Percentages Motivate Athletes To Improve

Percentages Motivate Athletes To Improve

How much money have you lost in the market? By now most of us have a pretty good idea where we presently stand. But think back for a moment. When we first learned that the market was dropping, it didn’t have much of an affect on us. But when we saw EXACTLY how much the value of OUR stocks had dropped, then “reality” set in. It’s the same for shooting. Until athletes see THEIR shooting percentages, they don’t know how far their numbers are from being “acceptable”.

Percentages are great motivators because they identify strengths and weaknesses without becoming “personal”. It’s not what the coach says, it’s what the numbers say. It is much easier for a coach to be an “advocate” – someone who comes along side to help – when percentages are used to assess in place of giving his/her personal opinion.

The first step in planning an off-season workout is to make a complete assessment. This can be done by the coach and/or the player. We prefer athletes do as much as possible since it’s their shot – it’s their future – it’s their dream to become a Star Shooter. Coaches can encourage but ultimately it is up to the athlete to make it happen.

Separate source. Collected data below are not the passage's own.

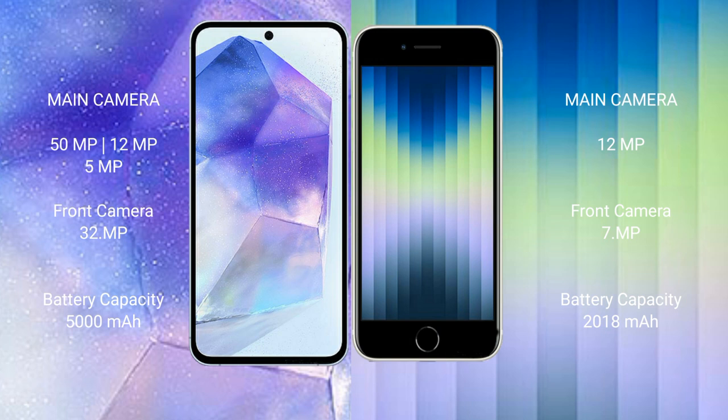The Samsung Galaxy A55 has a 5000mAh battery with 25-watt fast charging support. The iPhone XC has a 2018mAh battery with 20-watt fast charging support.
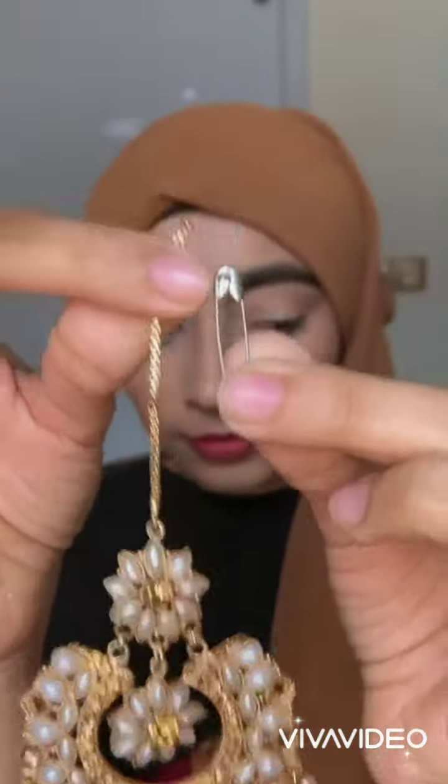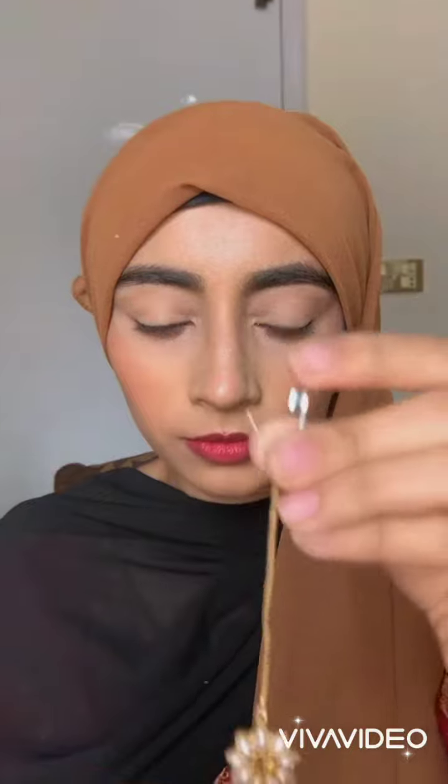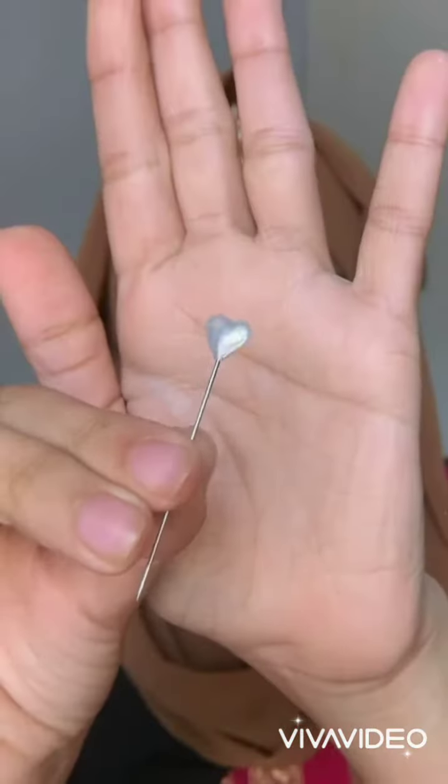Here comes the fun part. If you have any tikka, you have to take a safety pin and just pin it on your hijab. Your remaining hijab — the long side — you have to put it on your head. This will hide your safety pin and your tikka won't be removed.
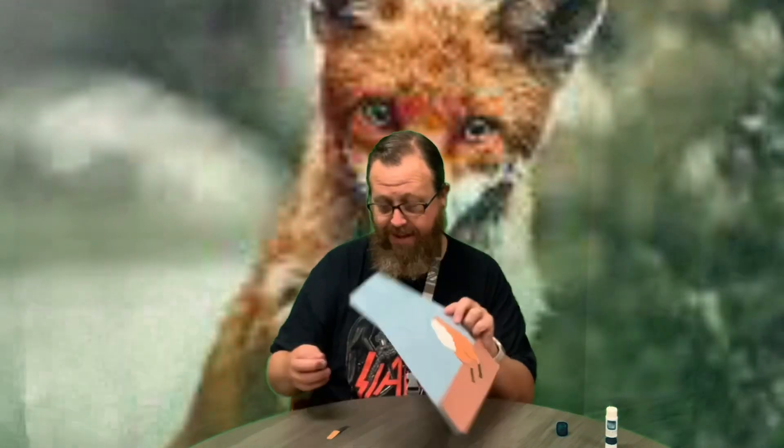So this is what I've got with both legs and his body. Next I think I'll go ahead and do his tail.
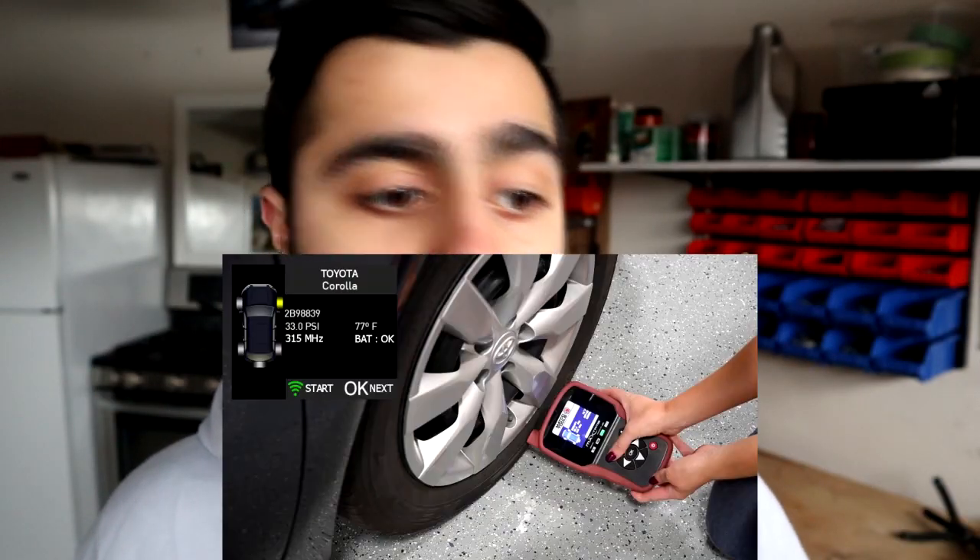For the direct system, if you happen to break a tire sensor, it's a little different — you might have to get it reprogrammed by a dealership using a special tool. Or if your values are just off and you topped up your tires, sometimes you just have to drive for maybe 20 to 30 minutes or up to an hour, depending on the car. That's the relearn procedure for these tire sensors.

In making the assessment, determine last season’s percentages in as many areas as possible. Use last years game films to gather data for the following:

  • Free throws – 1) up to the last two minutes, and 2) attempts in the last two minutes
  • Mid – range shots
  • Shots off the dribble going right – left
  • Shots from a pass turning right – left and straight on
  • 3 – point shots after receiving the ball from the inside – from the right – from the left

If game films are not available, take 20 shots from each of the descriptions above to determine percentages.

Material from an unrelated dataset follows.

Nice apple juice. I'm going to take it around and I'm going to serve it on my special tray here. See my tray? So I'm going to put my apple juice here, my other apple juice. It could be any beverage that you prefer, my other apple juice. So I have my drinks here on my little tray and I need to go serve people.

Percentages serve as bench-marks to measure progress. Throughout the summer, athletes should re-test themselves with 20 shots from the areas noted above in order to see how they are progressing. In the weight room it’s very easy measure progress but with shooting, understand it takes more time to measure progress. Another good point about the athlete knowing their present percentages, coaches can check from time to time to get an update.

Shooting at GAME SPEED is an ABSOLUTE MUST in order to improve. As we have said so many times, “Your PRACTICE and the GAME need to be the SAME”. Practicing at a slower speed does NOT improve game performance. The body must become familiar with executing at a fast pace. Here’s the science behind this concept. The slower the body extends during the shooting motion, the smaller amount of power it produced.

Here’s how to create GAME SPEED during PRACTICE. As soon as the ball starts moving up in the shooting motion say, “Game Speed”. Say it as FAST as you can and say it loud enough so you can HEAR yourself. The ball should be released by the time you hear the letter “d” in Speed. Do you think that’s too fast? Then try testing it when you watch the NCAA tournament. Unless the shooter has a big vertical jump, you will find it to be true.

Quote Worth Considering

“WAITING for things to change is the BEST way for NOTHING to change!”